Я медленно повернулся к нему, прилагая все силы, чтобы придать лицу приветливое выражение. Он смотрел на меня внимательно и дружелюбно. Ничто в его мимике не выражало ни изумления, ни иного проявления узнавания.
Боже! Как же я обрадовался, что Майор — самый проницательный из виденных мною людей — меня не узнал! Теперь не нужно было бояться встреч с ним. Я с радостью согласился помочь Майору в организации рыбалки. Более того, я даже предложил составить ему компанию в этом предприятии. Он был очень доволен.
В первую же субботу мы отправились на рыбалку. Я знал, что кефаль нужно ловить в местах, где пологое прибрежное дно граничит с резким обрывом в бездну.

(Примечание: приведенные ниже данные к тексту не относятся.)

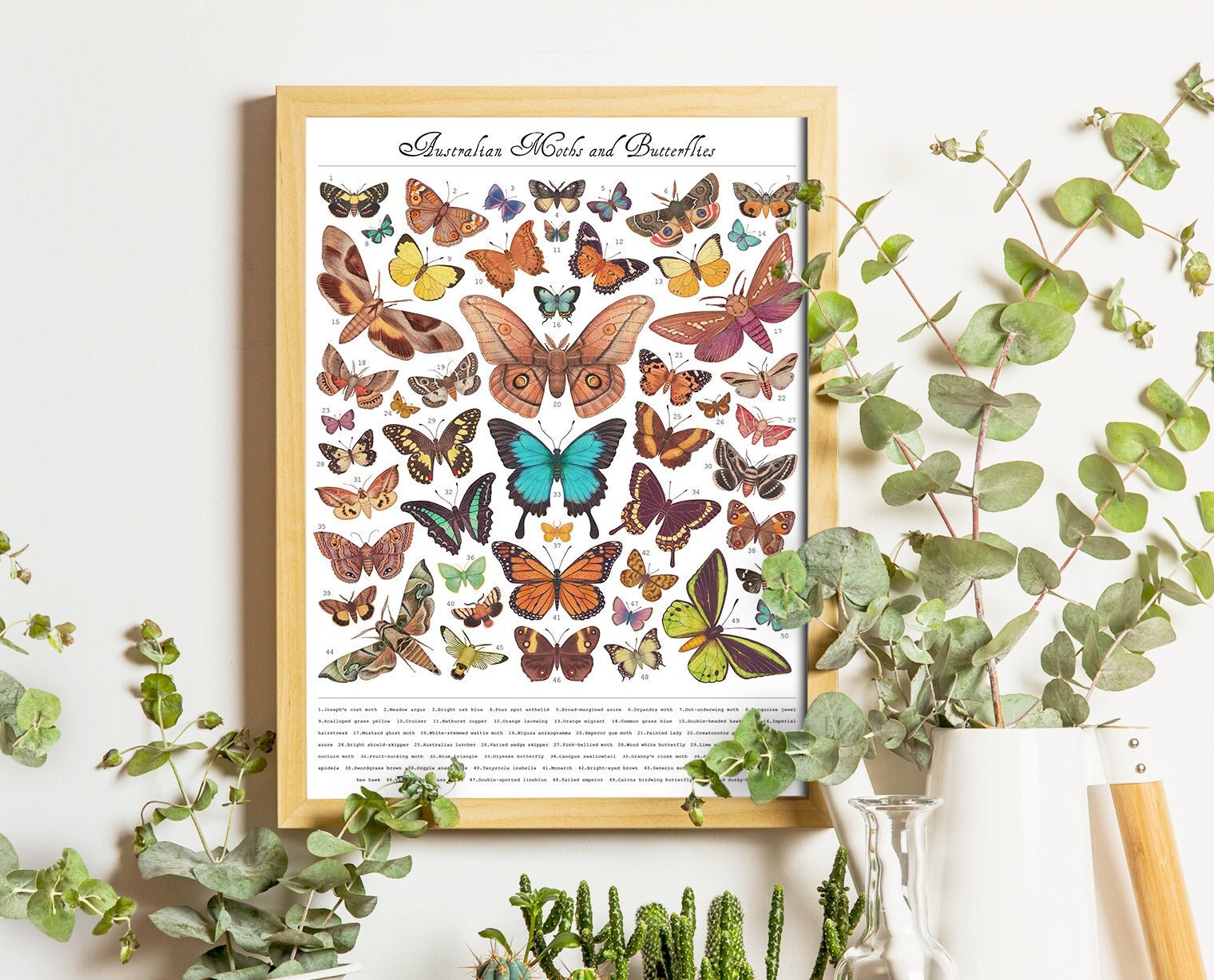 Australian Moths and Butterflies - Art Print, Poster, Wall Decor - Etsy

В таких местах крупная кефаль по утрам поднимается из холодных глубин на тёплое мелководье, чтобы полакомиться моллюсками, морскими червями и прочей мелкой живностью. Вблизи одного такого обрыва я и бросил якорь. Клёв был действительно хорош, мы поймали на донку более десятка крупных особей кефали. Схватив пойманную рыбину, Майор каждый раз хохотал и целовал серебристую красавицу, извивающуюся в его руках, а потом, бросив её в садок, лез и ко мне обниматься. И клянусь, он меня не узнавал, тогда как я помнил каждую морщинку на его лице, каждый жест, весь набор его характерных словечек. 

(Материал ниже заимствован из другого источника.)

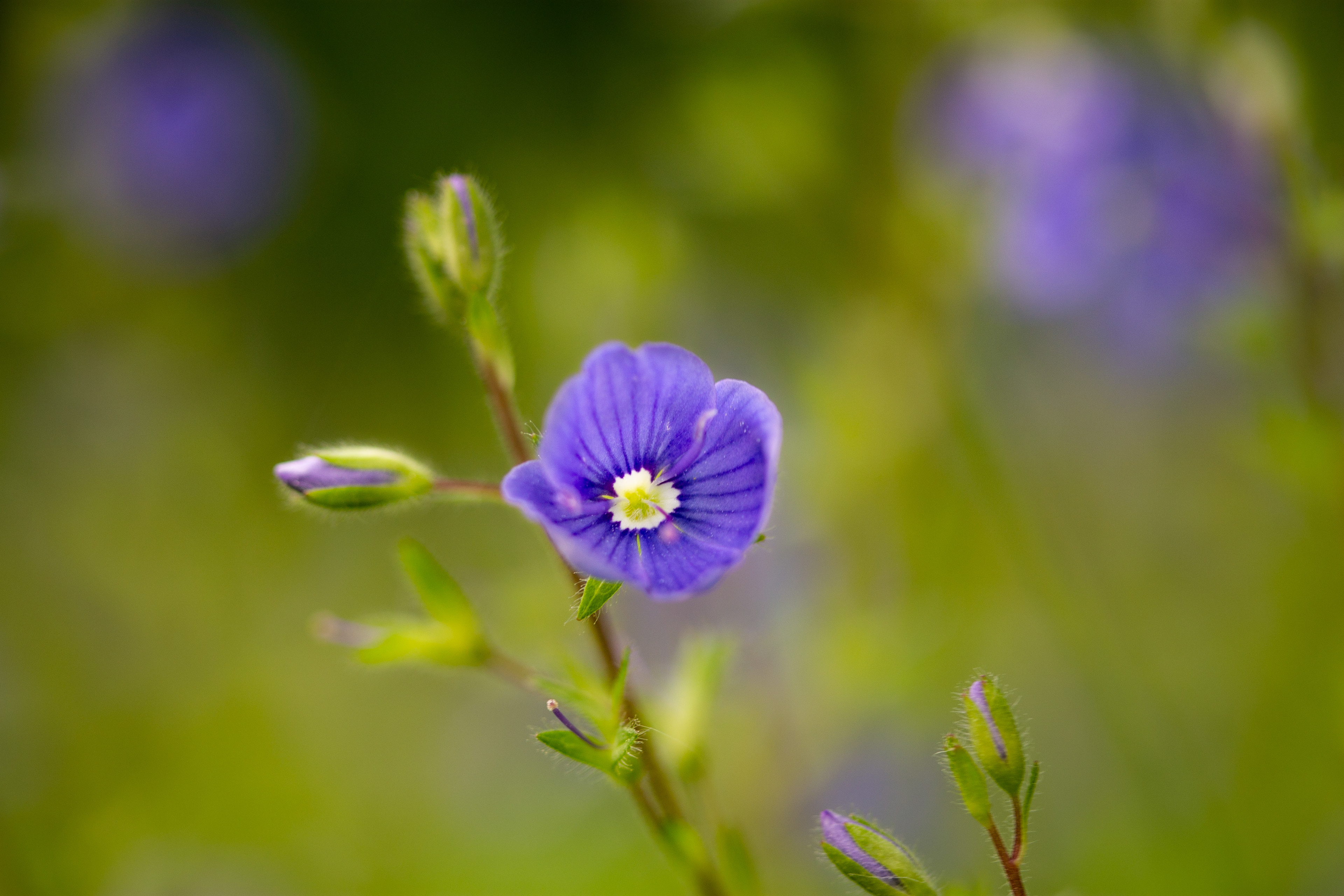 Speedwell 1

На обратной дороге, когда, мы, утомлённые солнцем и эмоциями, возвращались к нашим женщинам, я всё-таки спросил Майора, не боялся ли он, когда мы забрались в море довольно далеко от берега.

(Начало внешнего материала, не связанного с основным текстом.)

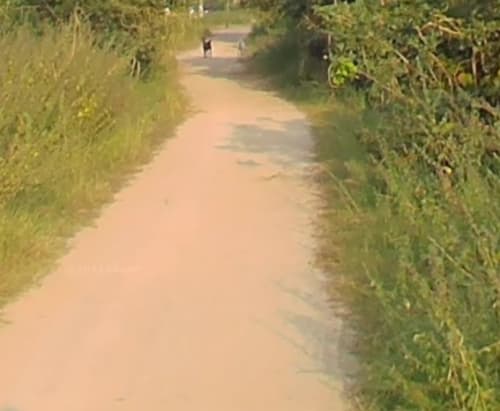 An image of land
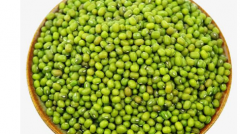 家庭绿豆水培方法 绿豆养殖技巧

— Почему это я должен был бояться? — удивился Майор, и хихикнул: — Не акул же?
— Есть вещи пострашнее акул.
— Теряюсь в догадках.
— На нашем с виду ласковом Чёрном море бывают сильные шторма. Говорят, даже в узком Керченском проливе бывают шторма. Я слышал, что четыре года назад страшный шторм в проливе утопил небольшой катер с людьми.
— Да-да, что-то припоминаю… — Майор старательно наморщил свой мощный лоб, но бьюсь об заклад, он ничего не мог вспомнить, — Да… ходили слухи о сильном шторме где-то в районе Новороссийска. Но ведь там, насколько я знаю, штормы не редкость. И вообще, я чту пословицу «Волков бояться — в лес не ходить».
Выходило, ни Майор, ни его Регина не видели меня и не слышали про мою трагедию. Меня со всеми моими мечтами и делами для них просто не существовало.

В честь удачной рыбалки Майор закатил пир с обильной выпивкой. Через полтора часа чревоугодия женщины нас покинули, а мы с Майором остались, чтобы покончить со спиртным. Когда мы оба дошли до признаний в вечной дружбе, я завёл  разговор на философскую тему.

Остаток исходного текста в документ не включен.